Frisco’s menu to soon expand by two options
FRISCO – When it comes to eating out in Frisco, options traditionally have been somewhat limited – at least, compared to a town like Breckenridge.
That all may change soon. At least two new restaurants are expecting to open their doors on Frisco’s Main Street next year.
Farley’s Chop House
Construction workers are busy building a 9,000 square-foot, two-story building on the northwest corner of Fifth and Main.
Already, 70 percent of the building space – which will include a restaurant, office and retail space and private residences – is leased, said local developer Rob Philippe. The building should be up and its businesses running by mid-January.
Farley’s Chop House likely will be the main attraction of the new building. That’s right, Farley’s is making a comeback in Frisco.
The traditional steakhouse and locals’ hangout spent more than 20 years in Copper Mountain before it lost its home at the ski resort about two years ago.
The restaurant will be dressed up a little more than the old Farley’s, but it will still offer quality food and good service for reasonable prices, Philippe said.
Owners George and Lisa Tousey and Seth Zeller were unavailable for comment.
Meanwhile, developers down the street at West Frisco Gateway are expecting to receive a permit to begin construction on a new building just west of Alpine Natural Foods.
The one-story, 2,475-square-foot building is modeled to look like a historic train station, said Mark Sabatini, vice president of Solleron Resources Inc., managing partner for the project.
Alpinista Pizzeria, a “nice, upscale” restaurant in Edwards has signed a lease with the developers to open a second pizzeria in Frisco.
If workers are able to break ground on the project in the next few weeks, Alpinista, too, may be up and running in the beginning of 2004.
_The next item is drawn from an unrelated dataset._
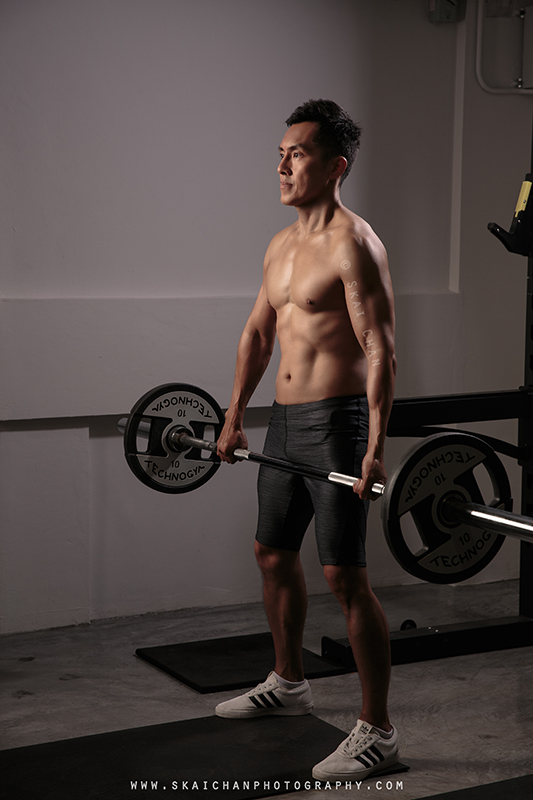 Men's fitness gym photoshoot session with Liu Wing Lun at Gold's Gym Singapore, Hong Kong Street outlet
More choice or tighter competition
Some Frisco locals and business owners have debated whether or not there is room for more restaurants in Frisco.
Some say there isn’t enough demand in Frisco and adding more restaurants to the mix will only make it harder for existing restaurants to prosper.
On the other hand, a wider variety of eateries in town might bring more people to Frisco, which could benefit everyone.
Frisco Mayor Bob Moscatelli said he’s not sure what the town’s capacity for restaurants is, but unless town officials limit the number of liquor licenses they issue, there’s no stopping new restaurants from coming to town.
“I guess we’ll know (the limit) when we bump up against it,” Moscatelli said. “I, personally, like variety. But I don’t want to see any of our current restaurants fail. If the town is more attractive because we have more variety, then we’ll attract more people and everybody can be profitable. I hope that’s the way it turns out.”